[Collection entries]
##############################

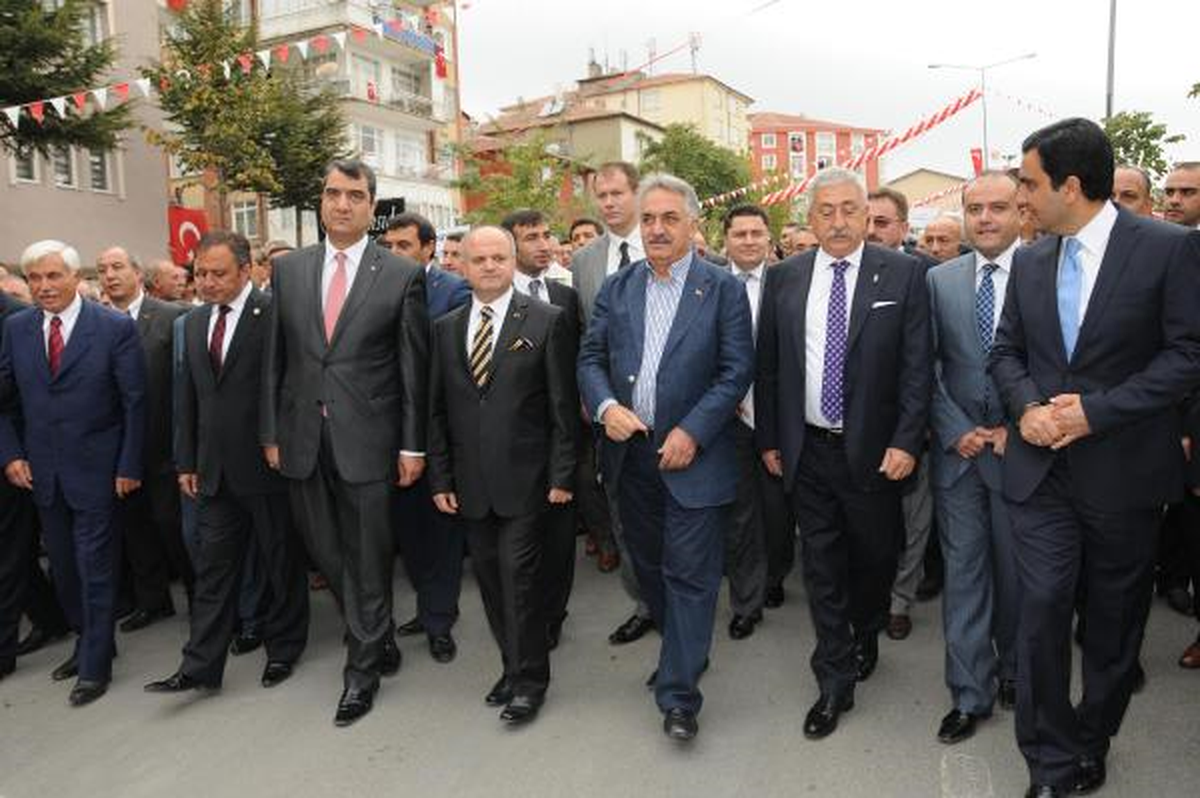 "Bu Topraklar Bize, Biz Bu Topraklara Aitiz"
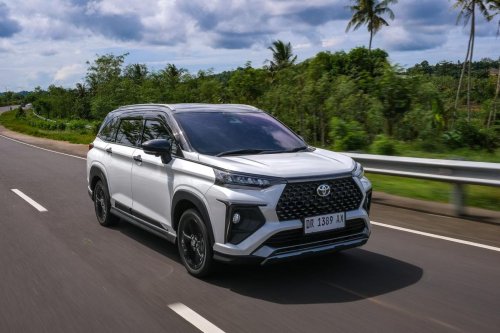 Distribusi Veloz Hybrid Oleh Auto2000 400 Unit dalam Dua Pekan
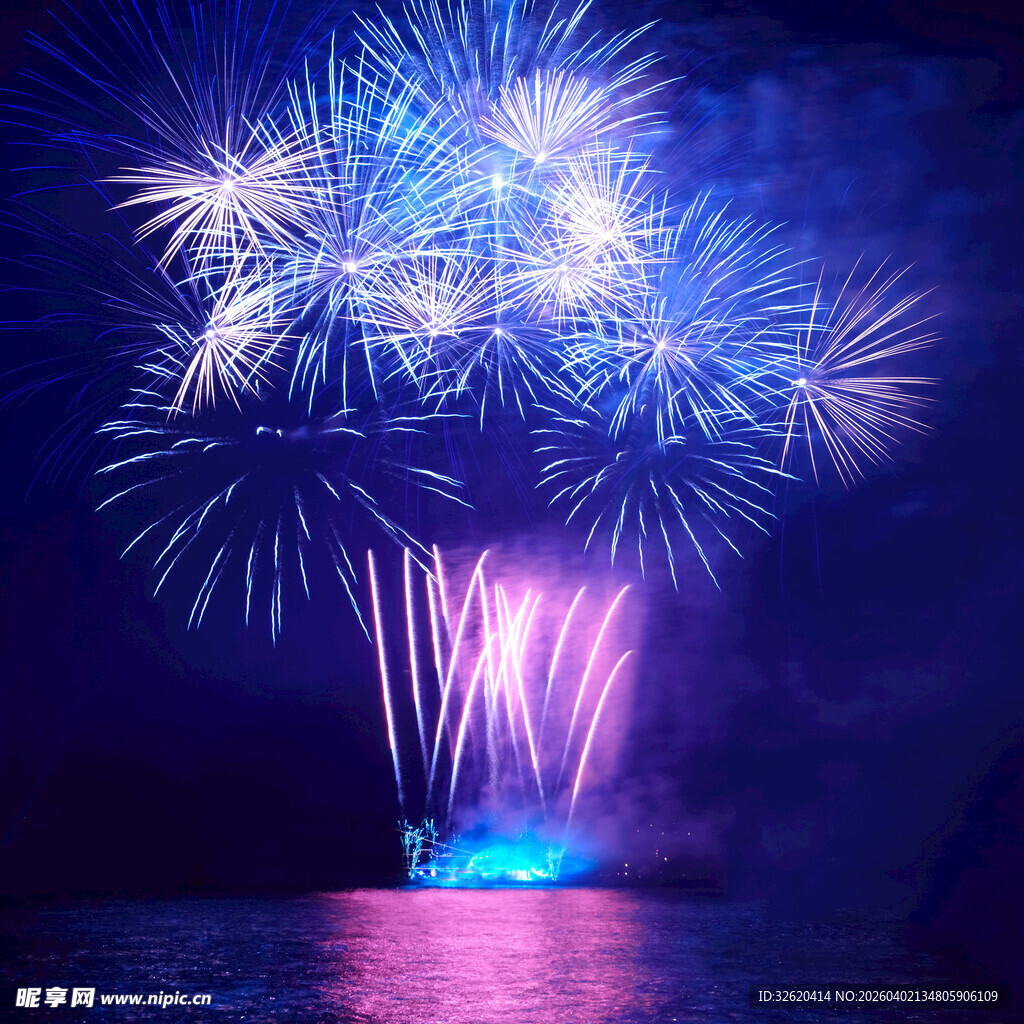 夜空中绚丽绽放的烟花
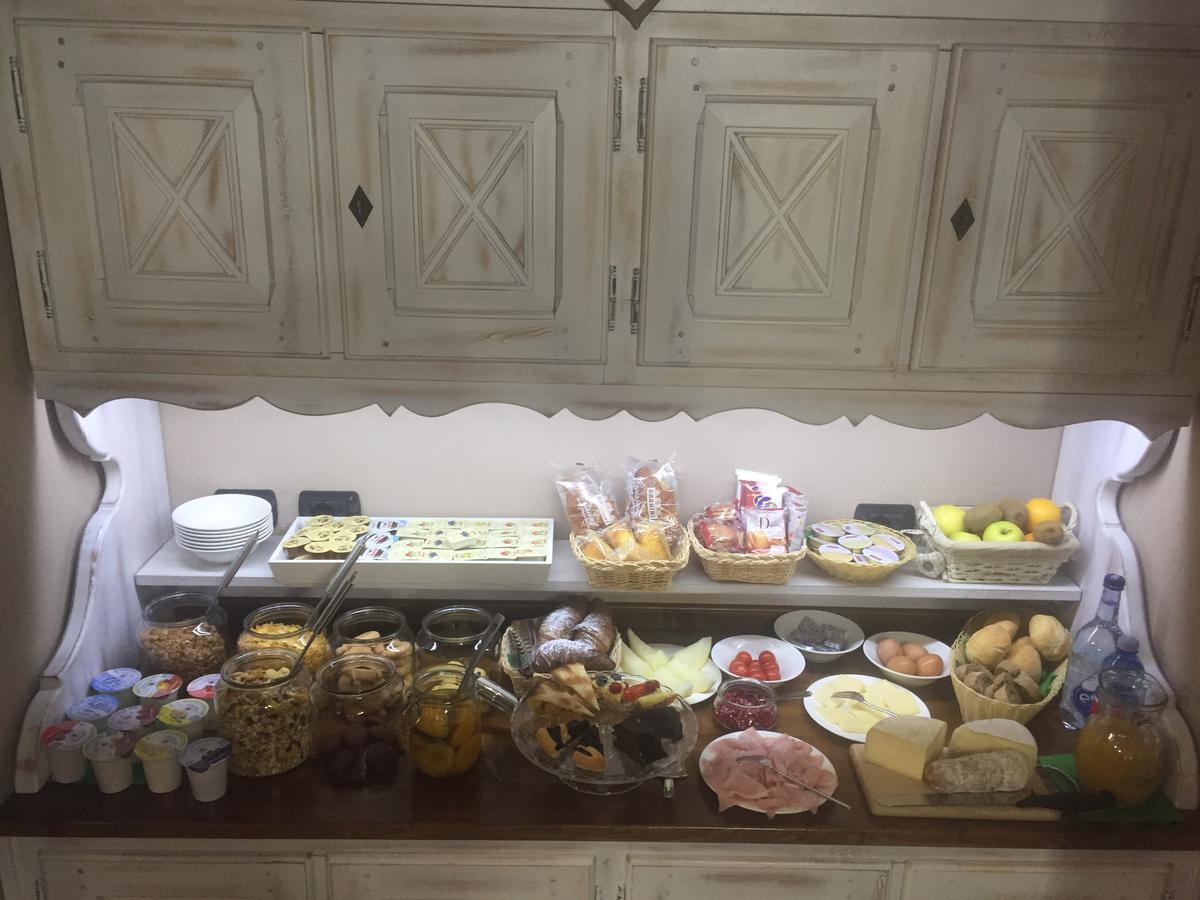 بيريوِل تْشيرفينيا Mollino Rooms المظهر الخارجي الصورة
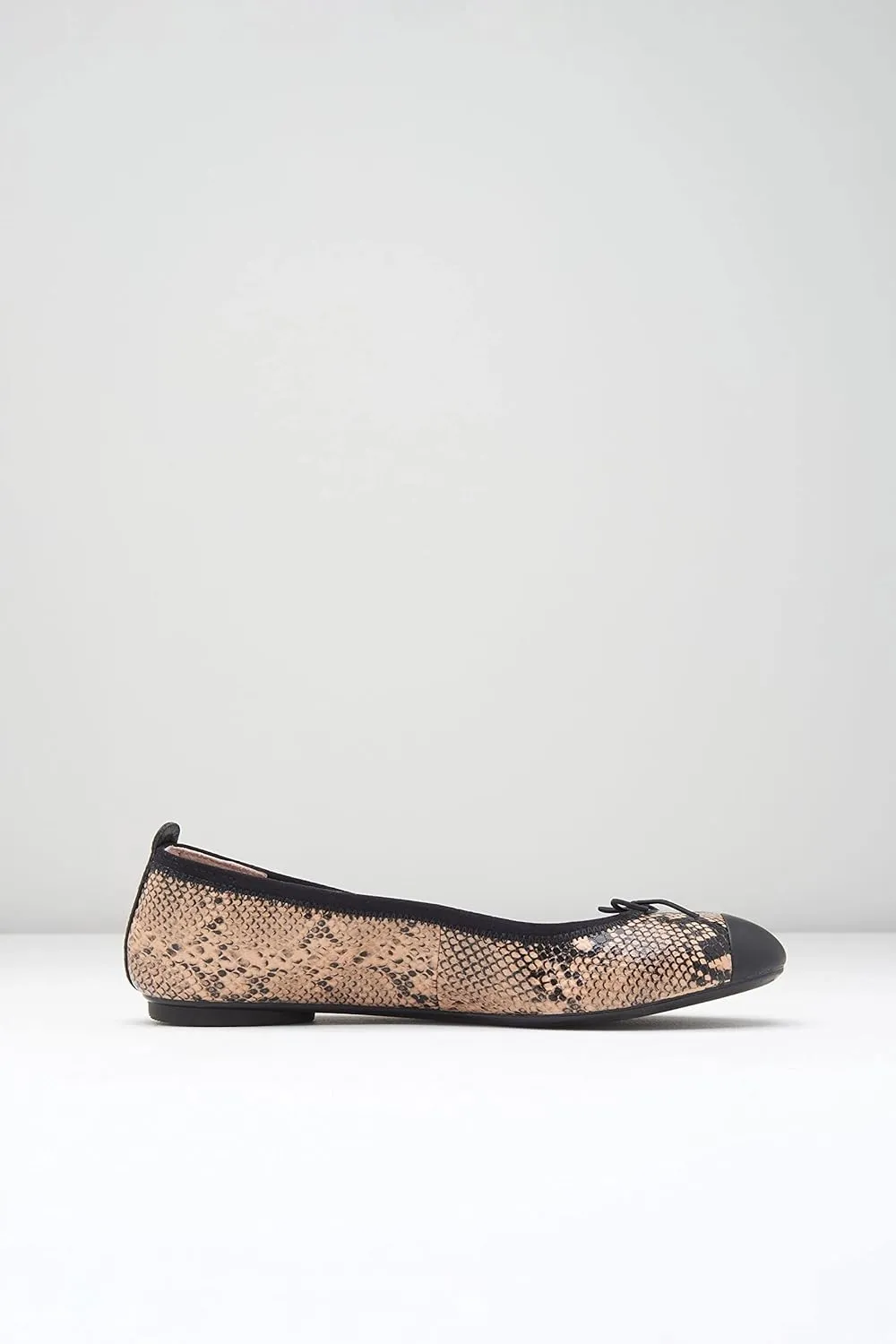 Bloch Women's Astra Ballet Flat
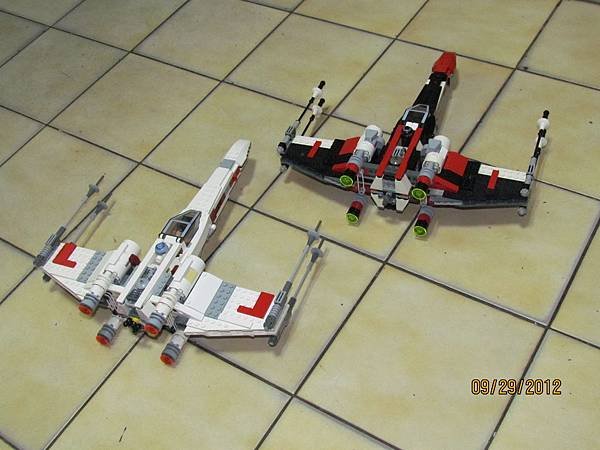 LEGO 9493 X-WING black version &amp; original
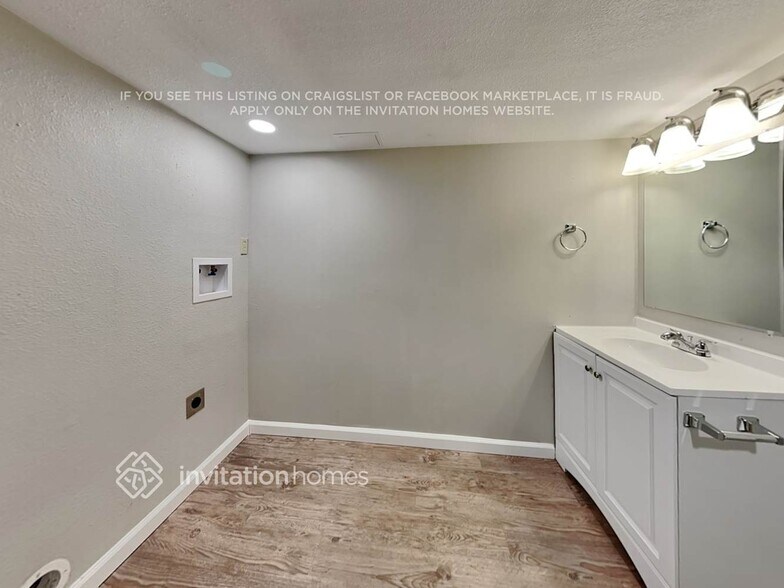 Building Photo - 2113 Beacham Dr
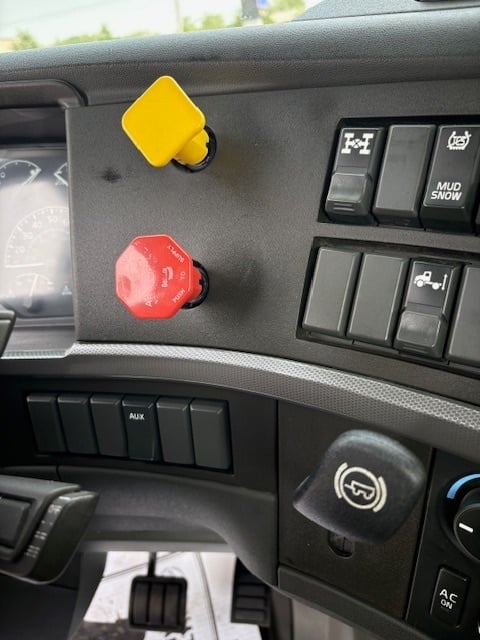 2020 Volvo VNL64T300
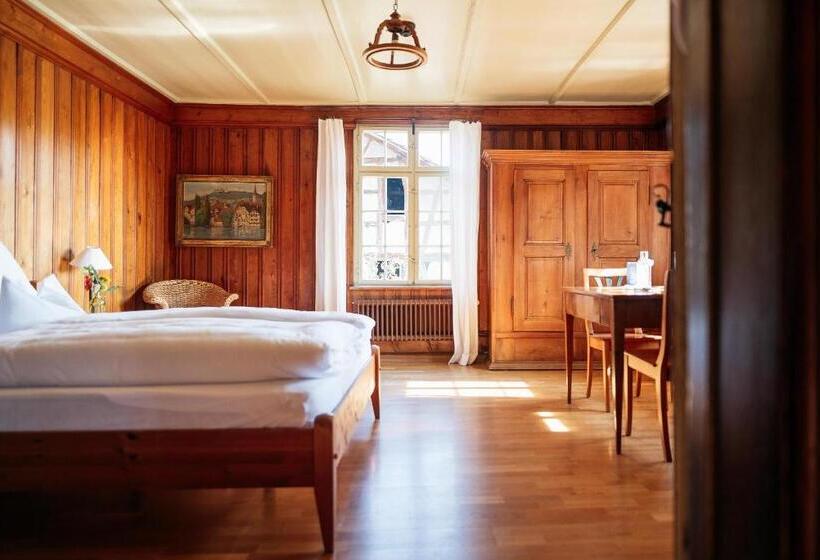 バス共有のスタンダードルーム, Hirschen Stammheim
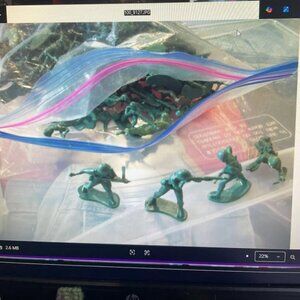 GALLON BAG ABOUT 1/2 FULL OF ARMY MEN - ITEM # 5 - 30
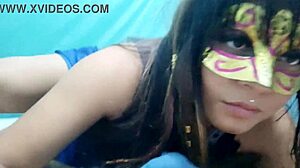 entro a la cama de mi hermanastra y me recibe con una mamada deliciosa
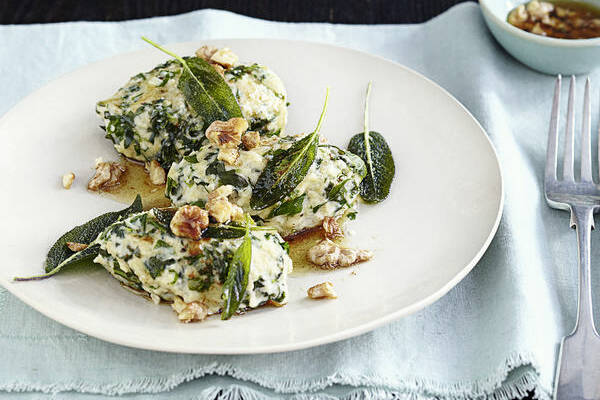 Malfatti mit Salbei-Nuss-Butter Rezept | Küchengötter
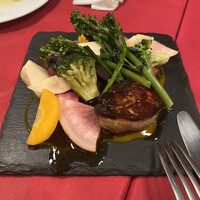 ビストロ グルマン - 右下のちょこんとあるのがフォアグラ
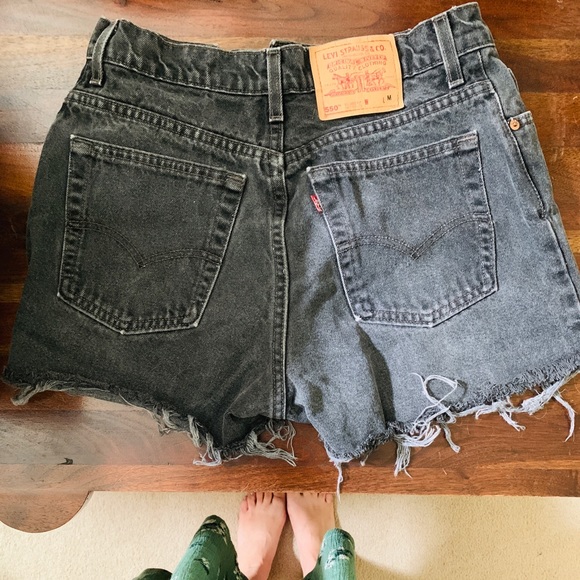 Cut-off Shorts - Picture 2 of 4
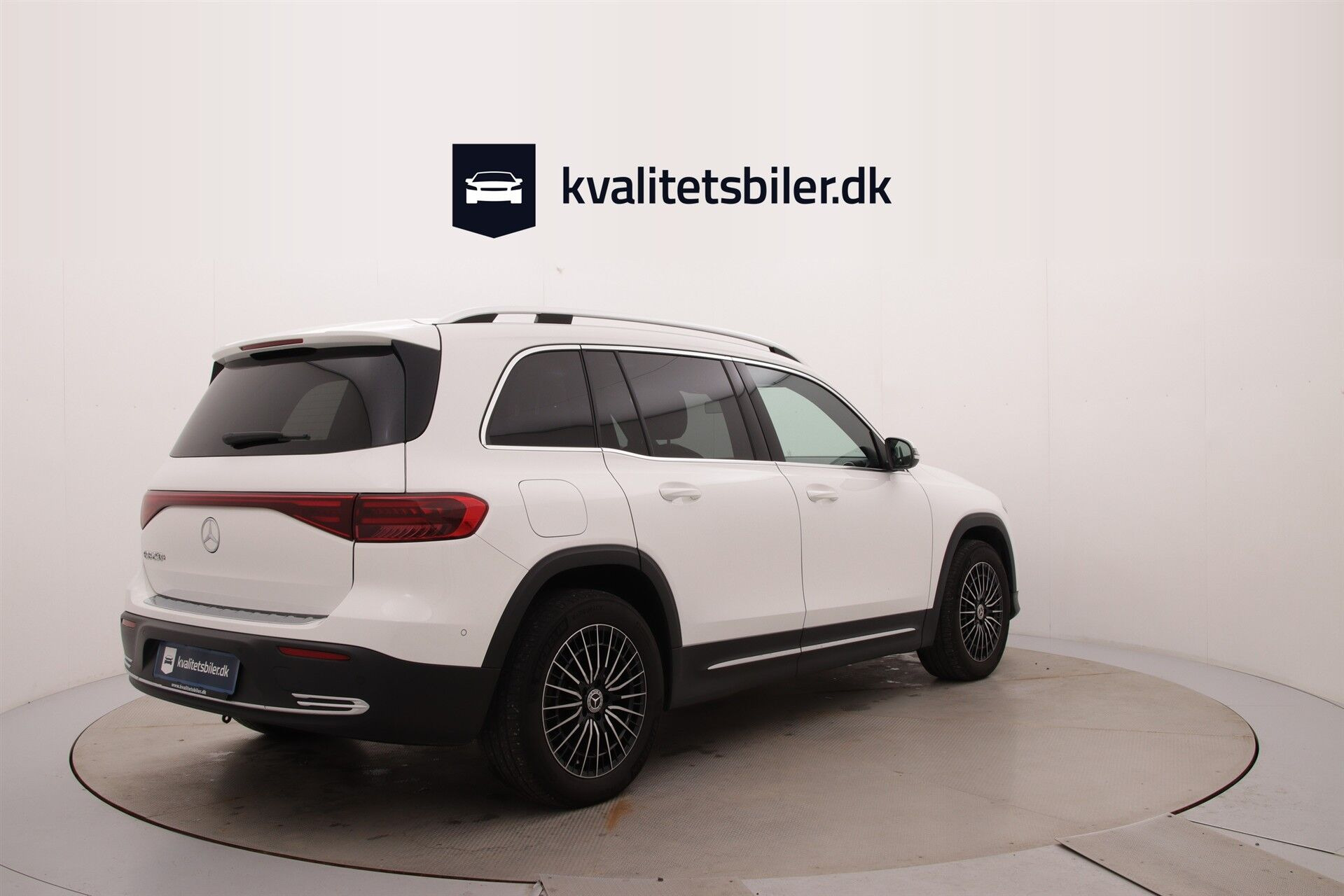 Hvid Mercedes EQB250+ fra 2024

##############################

WORK INSTRUCTION: Copy out all the data exactly, skipping the pictures.

RESPONSE AREA:
 "Bu Topraklar Bize, Biz Bu Topraklara Aitiz"
 Distribusi Veloz Hybrid Oleh Auto2000 400 Unit dalam Dua Pekan
 夜空中绚丽绽放的烟花
 بيريوِل تْشيرفينيا Mollino Rooms المظهر الخارجي الصورة
 Bloch Women's Astra Ballet Flat
 LEGO 9493 X-WING black version &amp; original
 Building Photo - 2113 Beacham Dr
 2020 Volvo VNL64T300
 バス共有のスタンダードルーム, Hirschen Stammheim
 GALLON BAG ABOUT 1/2 FULL OF ARMY MEN - ITEM # 5 - 30
 entro a la cama de mi hermanastra y me recibe con una mamada deliciosa
 Malfatti mit Salbei-Nuss-Butter Rezept | Küchengötter
 ビストロ グルマン - 右下のちょこんとあるのがフォアグラ
 Cut-off Shorts - Picture 2 of 4
 Hvid Mercedes EQB250+ fra 2024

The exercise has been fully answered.